Exercise:
What you give back should be exactly the lines from the one with "Herren Poloshirt Reißverschluss" through the end of the data, without the pictures.

Records shown:
=======

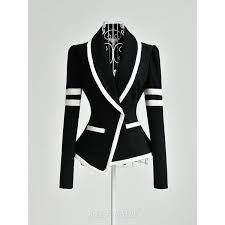 Black And White Blazer Womens Black Preppystyle Slim Tight Blazer Women S Outerwear Liked On Polyvore Blazers For Women White Blazer Women Black N White Blazer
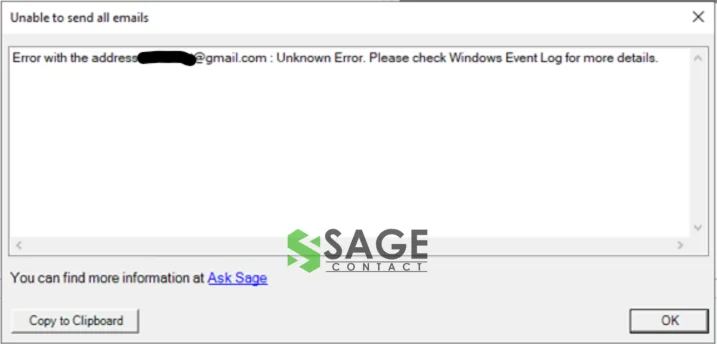 Unable To Email From Sage 50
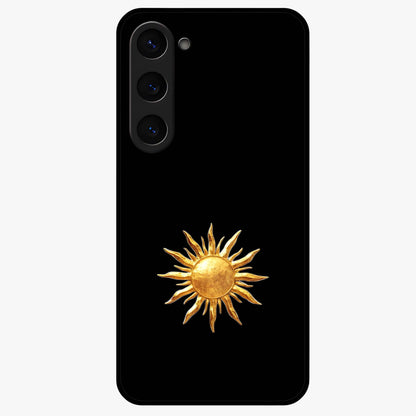 Golden Sun Minimalism Glass Case showing flat back view with minimal golden sun artwork and glossy glass finish.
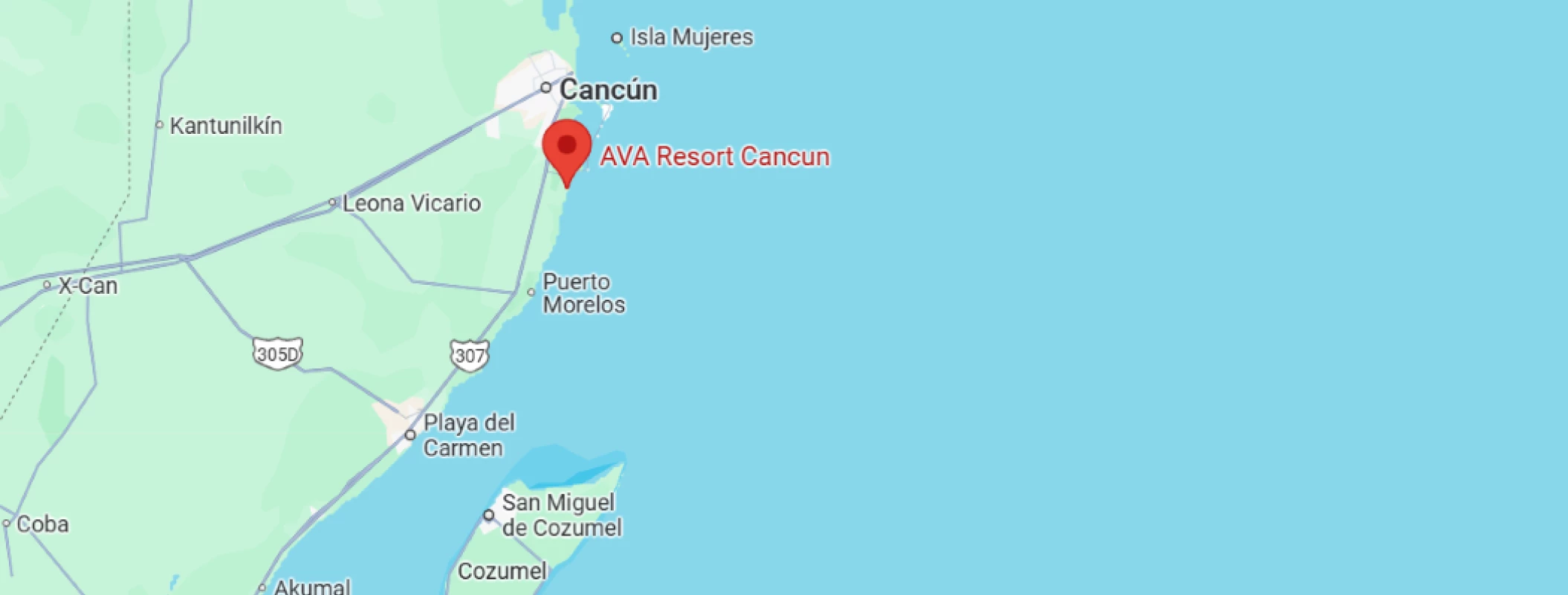 map showing location of ava cancun in mexico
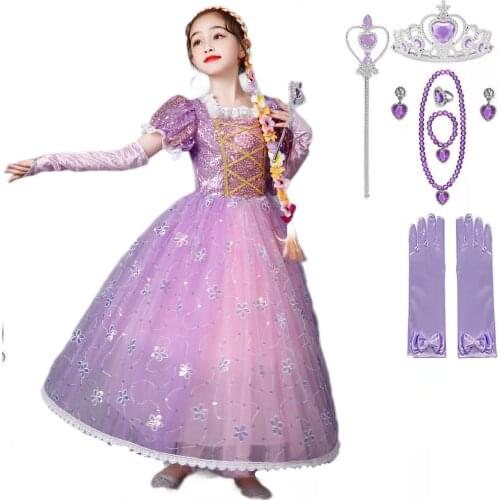 Long Hair Princess Rapunzel Christmas Halloween Tangled Costume Kids Birthday Lace Sequins Girls Sofiaa Dress Up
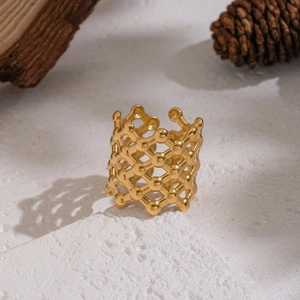 Französischer Vintage-Gitterring in Gold, verstellbar auf dekorativem Stein
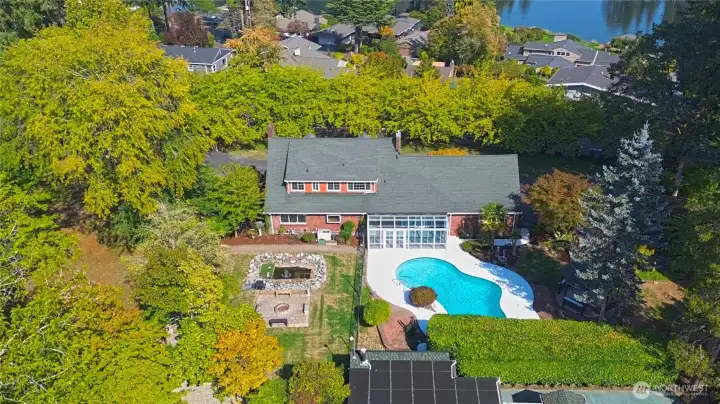 Scenic aerial view of home and pool!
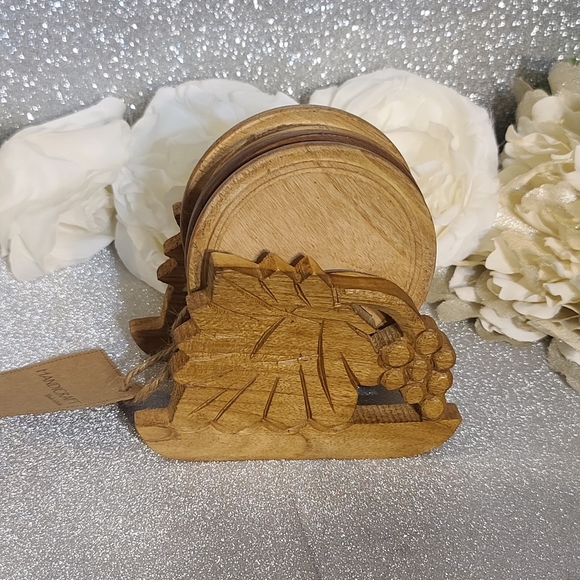 NWT Set of 6 Handcrafted Teak Wood Coasters with Hand Carved Stand - Picture 1 of 9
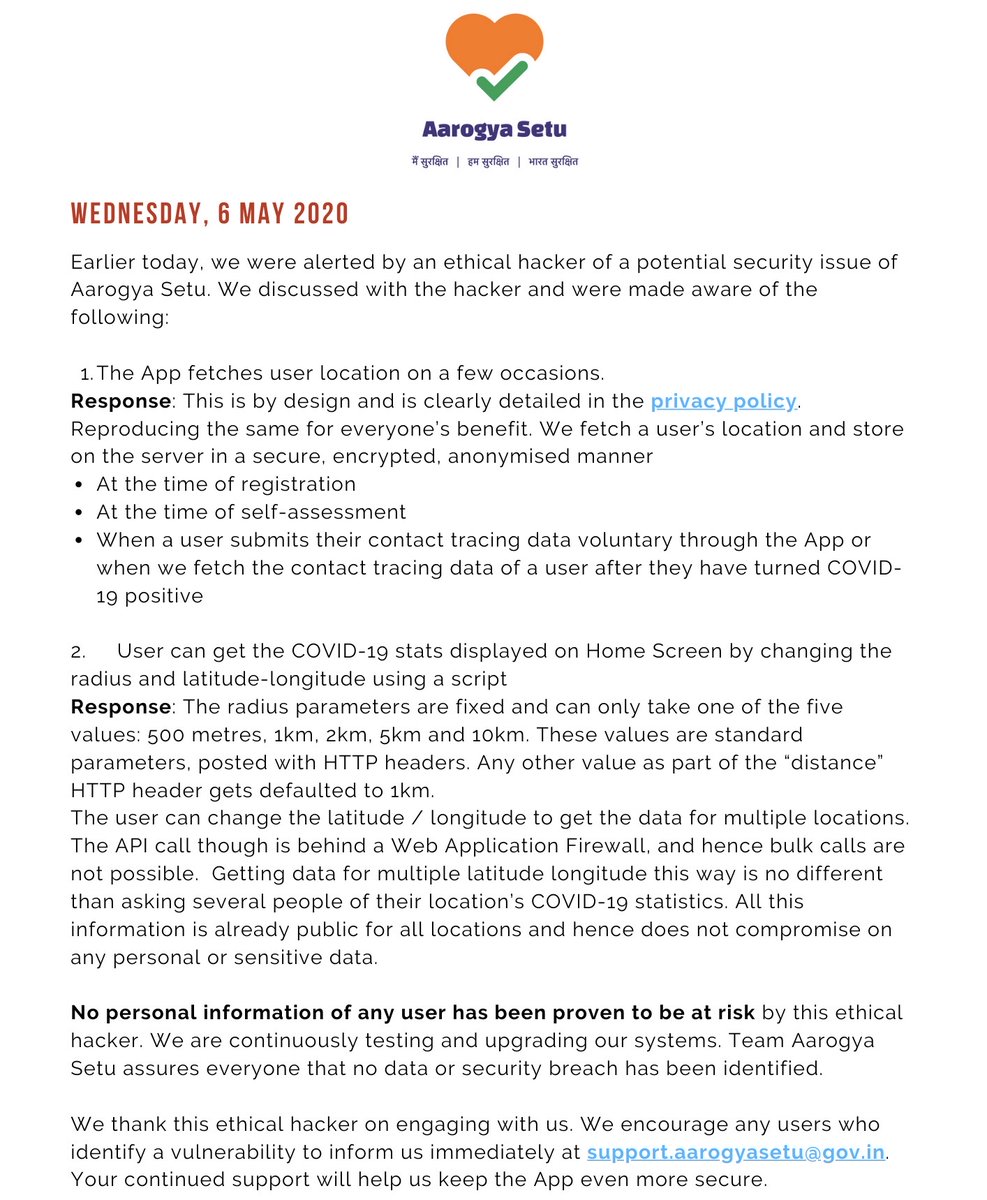 SetuAarogya's tweet image. Statement from Team #AarogyaSetu on data security of the App.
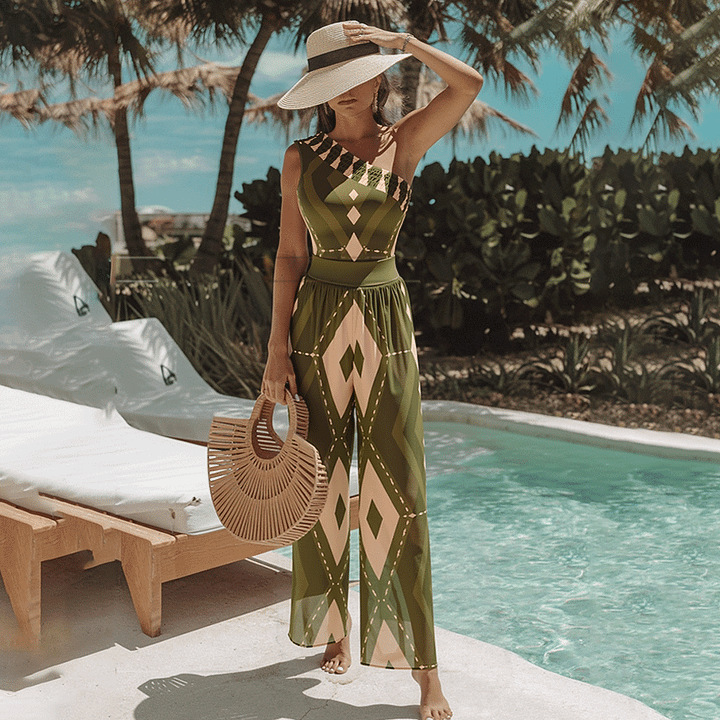 Vintage Bohemian Print One-Shoulder Swimsuit Set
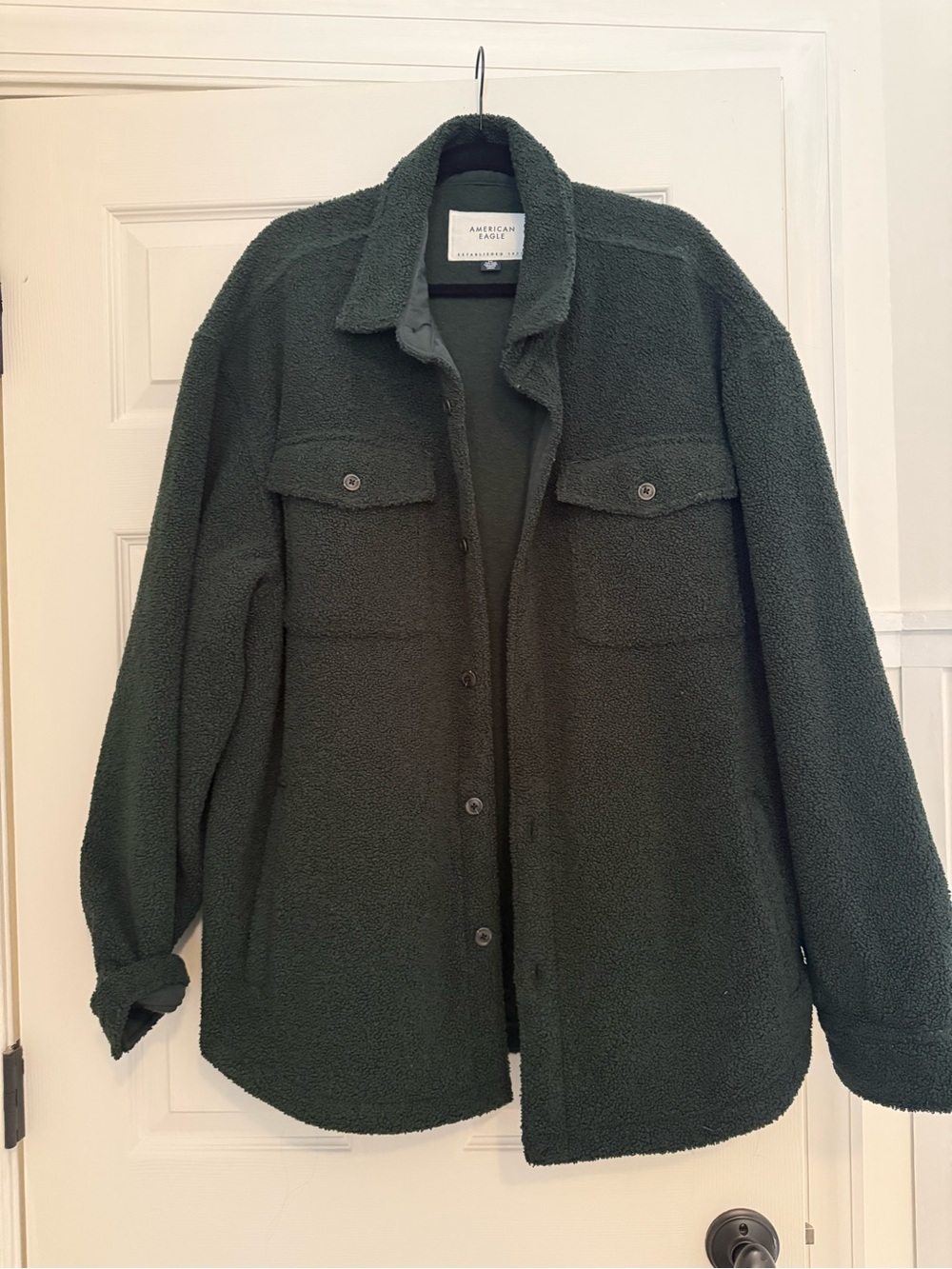American Eagle Outfitters Women’s Dark Green Sherpa Shacket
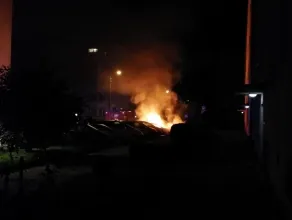 Pożar samochodów na wysokości ul. Gniewskiej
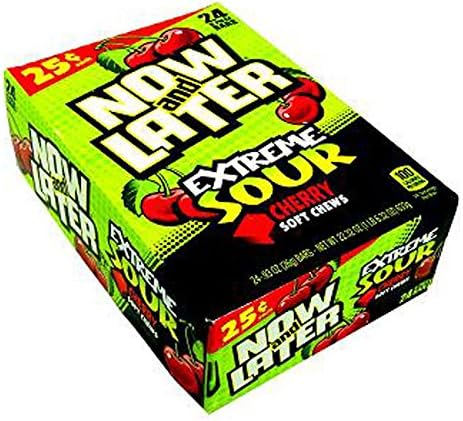 Now&Later Changemakers Bars Xtreme Sour Cherry - 25C, 24 Count (SUGAR CANDY - SMALL SIZE)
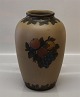 Bornholm, Hjort 
Keramik Stor 
Brun Vase 28 cm 
frugt 
dekoration L. 
Hjort Bornholm, 
# 51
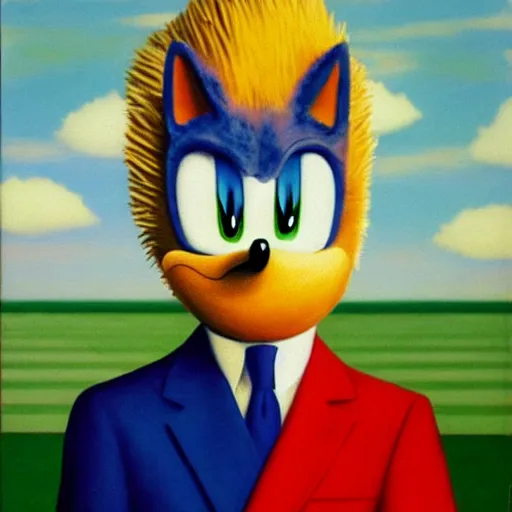 Image similar to sonic the hedgehog, painted by rene magritte, highly detailed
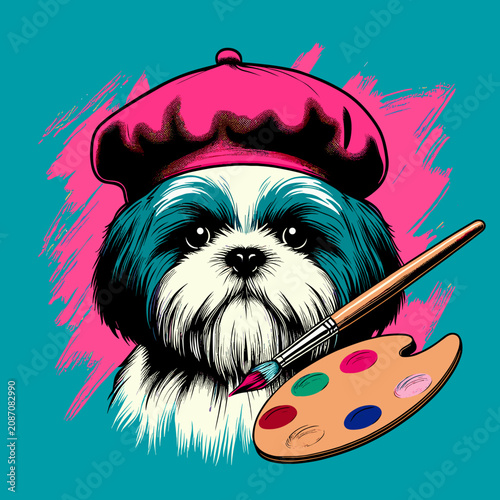 Shih Tzu dog artist character wearing pink beret with paint palette and brush, creative pop art vector illustration for art school, creativity or design concept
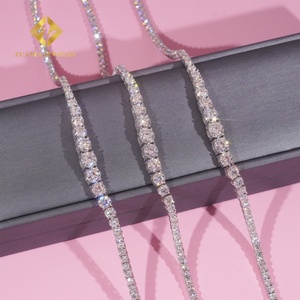 New Design Elegant <b>Women</b> Jewelry 3mm 925 <b>Sterling</b> <b>Silver</b> White Gold Plated VVS1 Moissanite Diamond Cluster Tennis <b>Chain</b> - Product Image 5
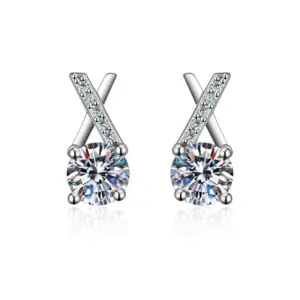 Cross Unilateral Ear Studs 1 Karat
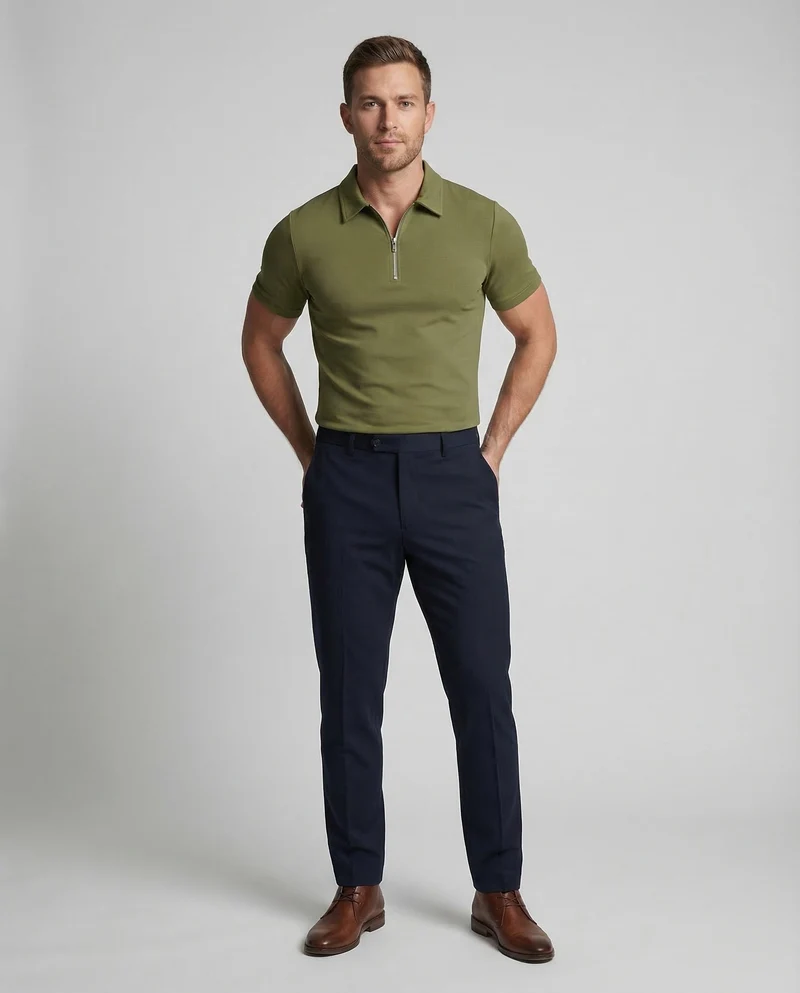 Herren Poloshirt Reißverschluss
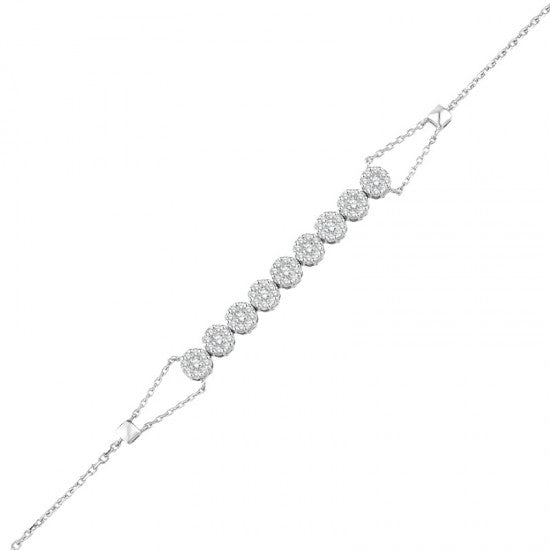 Гривна от бяло злато с диаманти 0.75 карата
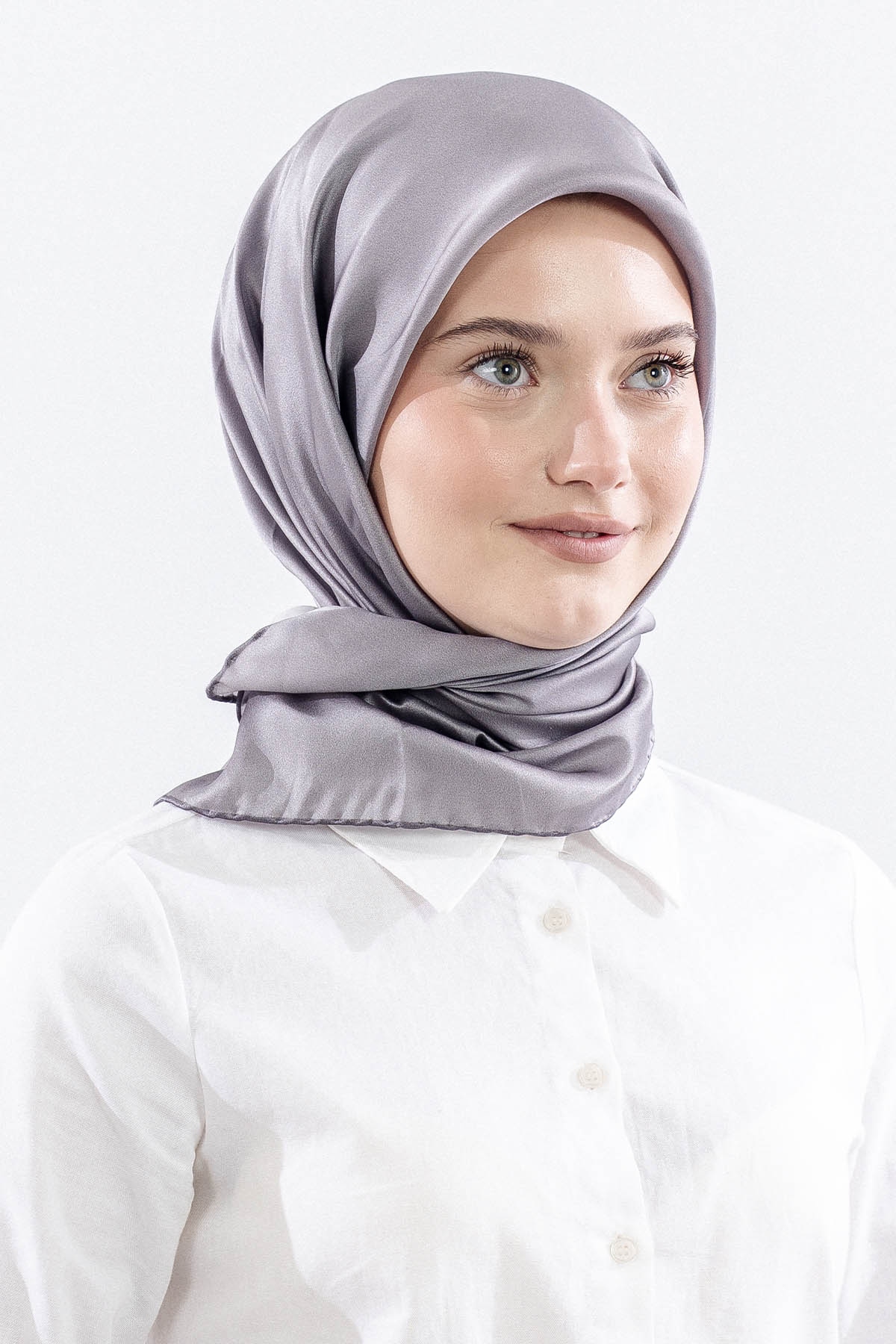 Sade İpek Eşarp 90*90 Sura Kumas - Antrasit - 2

=======

Result for this exercise:
 Herren Poloshirt Reißverschluss
 Гривна от бяло злато с диаманти 0.75 карата
 Sade İpek Eşarp 90*90 Sura Kumas - Antrasit - 2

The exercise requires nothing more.